La prima formula non piace al Procuratore perché con essa la Procura non potrà più perseguire giuridicamente le FARC per i fatti commessi durante il conflitto. La seconda perché l’unità speciale opererà in maniera autonoma nelle indagini sull’attività paramilitare durante il conflitto e nel post-conflitto. La terza perché non condivide la destinazione che avranno i beni delle FARC.

 

Il Procuratore ha annunciato che consegnerà 50 mila indagini penali già in corso contro la FARC. Ma che vuole continuare ad occuparsi di altre indagini, in aperta contraddizione con l’amnistia e l’indulto.

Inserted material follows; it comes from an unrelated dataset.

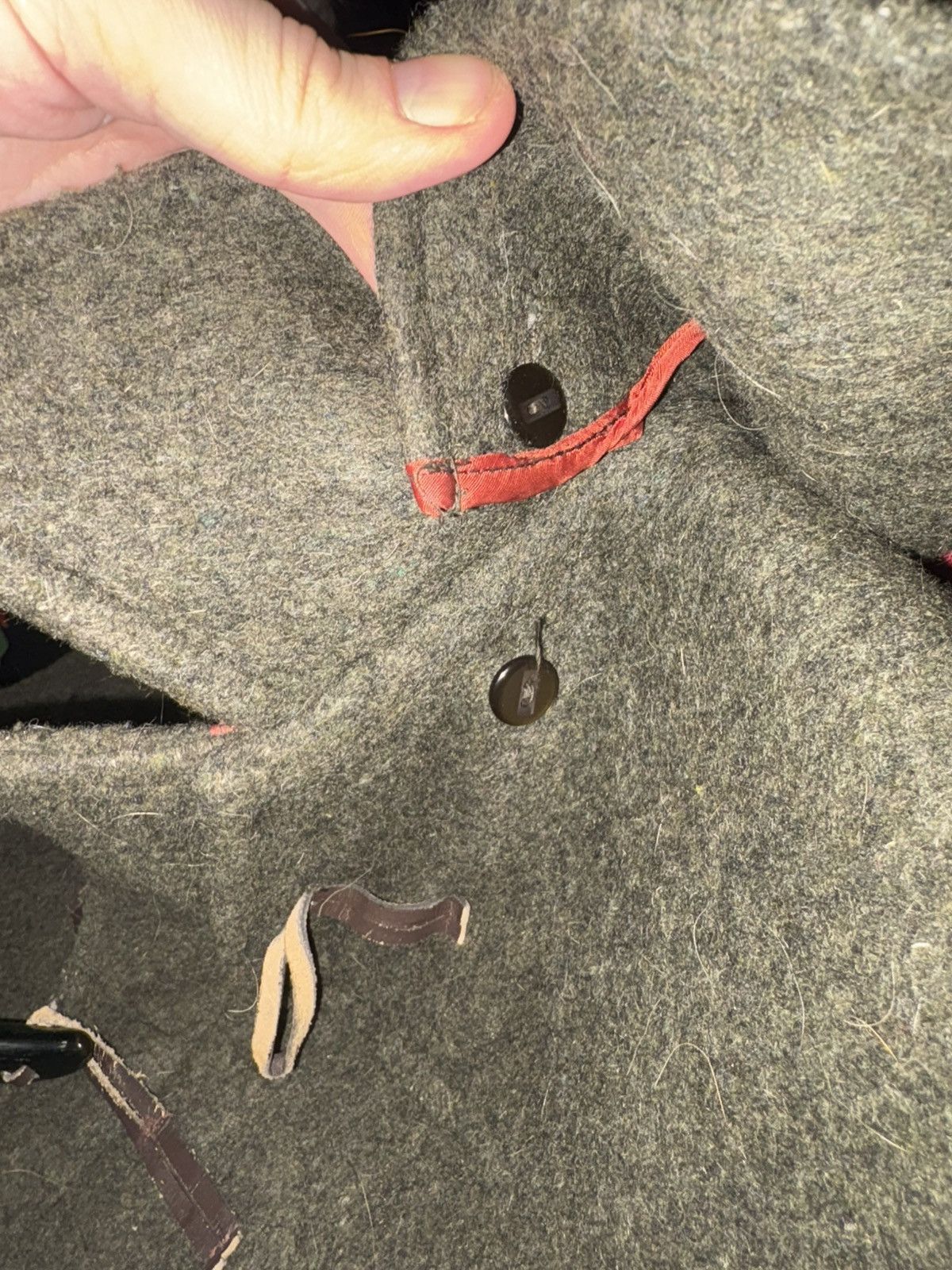 Sears Vintage Sears Duffle Coat 80’s Wool Preppy Chic Toggle Horn Size US M / EU 48-50 / 2 - 7 Thumbnail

La sua ossessione con le FARC contrasta con il bassissimo numero di indagini contro agenti dello stato e paramilitari, che evidentemente non le interessano.

 

Con questo dimostra il suo totale disinteresse alla ricostruzione della verità sul conflitto. Il che viene confermato dalla sua resistenza all’unità di indagine speciale. Non condivide che un ente che non sta sotto il suo controllo possa portare avanti indagini che la Procura non ha compiuto in decenni di impunità. Che porti alla luce quello che lo Stato ha mantenuto nascosto sempre.

 

Si conosce il passato del Procuratore dedicato a difendere gli interessi dei grandi imprenditori. Come si vede il dolore che gli provoca l’idea che possano essere toccati alcuni o molti di loro. Allo stesso tempo protesta perché i beni delle FARC saranno destinati al risarcimento delle vittime. Assicura, senza provarlo, che si tratta di miliardi. E sostiene che la sovranità fiscale non può limitarsi.

 

A suo avviso, la incredibile fortuna delle FARC deve entrare nei forzieri dello Stato affinché questo possa disporre liberamente di essa. Si mette in dubbio la sincerità rispetto alla destinazione finale alle vittime. Non nasconde quanto gli piacerebbe che questi immaginari tesori fossero gestiti invece dalla banca privata e dagli imprenditori che ha sempre difeso.

 

Se el prezzo di un fucile si tassasse 20 milioni di pesos, sette mila fucili equivarrebbero a 140 mila milioni. Le armi nei depositi, il materiale esplosivo, i mortai, mitragliatrici e quant’altro sarebbero cifre esorbitanti. I beni mobili e immobili registrati e consegnati sicuramente aumenteranno il conto finale. Senza esagerazioni.

 

Nel frattempo i guerriglieri e le guerrigliere mantengono l’illusione di costruire un patrimonio legale con le loro mani nude, con la loro provata capacità di lavoro. Reclamano con giustizia che vangano date loro terre per poter realizzare i loro progetti produttivi, che vengano date loro risorse basiche per avviare tali progetti. Giocano pulito e non demordono.

Impari, signor Procuratore, e rispetti.